When described in such damning terms, it’s a wonder that anyone wants to attempt a solo show at all. Thank goodness, however, that Jodie Irvine and Rosie Snell have had better experiences with parties than I have, because the end result is the excellent one-woman show GOBBY.

It charts the journey of Bri, a self-described loudmouth and generally anxious person, across five different stages of her life – all of which are represented by parties she went to during those times. We cut back and forth between the party at hand and Bri’s running commentary, as she peppers the scene with sardonic asides about the people she’s with. There’s Matt, who leaves Bri’s party early despite going “way back” with her. There’s her unbearable ex-flatmate Anna, and a completely hammered girl spouting wisdom from The Perks of Being a Wallflower verbatim. Most interesting, however, are the nameless, faceless partygoers who engage with Bri; these characters flit in and out of the story much like their real-world counterparts, and mirror the audience’s perception of her.
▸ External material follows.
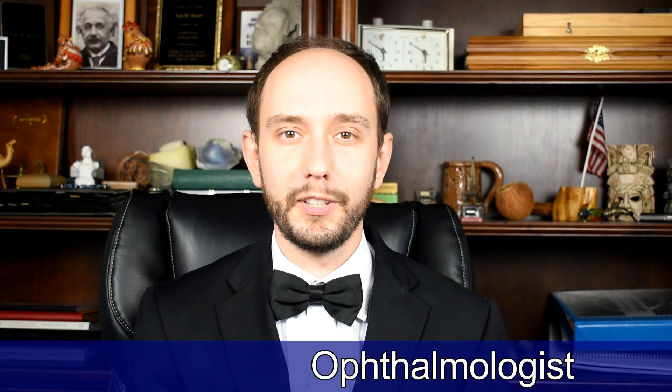Welcome. I'm Dr. Eli Slovich, and today we're going to be talking about styes or chalazions.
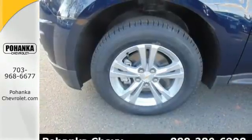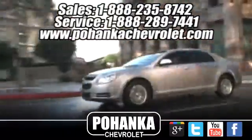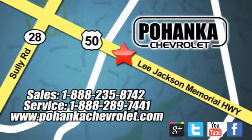Named a top safety pick, this Equinox is sure to sell fast. Bohenga Chevrolet is a great place to buy a car. We are conveniently located at 13915 Lee Jackson Memorial Highway, Route 50 in Chantilly.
Bri’s struggle to gain self-acceptance is masterfully presented by Irvine: she gives us nuanced insight into the mind of someone who cannot stand themselves, but equally cannot stop perpetuating the cycle that feeds into that self-hatred. Early on, the script gives us plenty of hints that Bri is an unreliable narrator; we cannot parse out how much of the anger towards her flaky friends is justified, and how much is imagined. It would be all too easy to make Bri wholly unlikeable and self-destructive, but Irvine instead chooses to portray her as a sympathetic, lost character who will undoubtedly remind some audience members of their own troubled past selves.

With its deceptively simple staging and satisfying resolution, GOBBY is a sincere (but never saccharine) show that encourages us to be a little kinder to our younger selves as we remember them navigating parties, exes, friendships, and everything in between.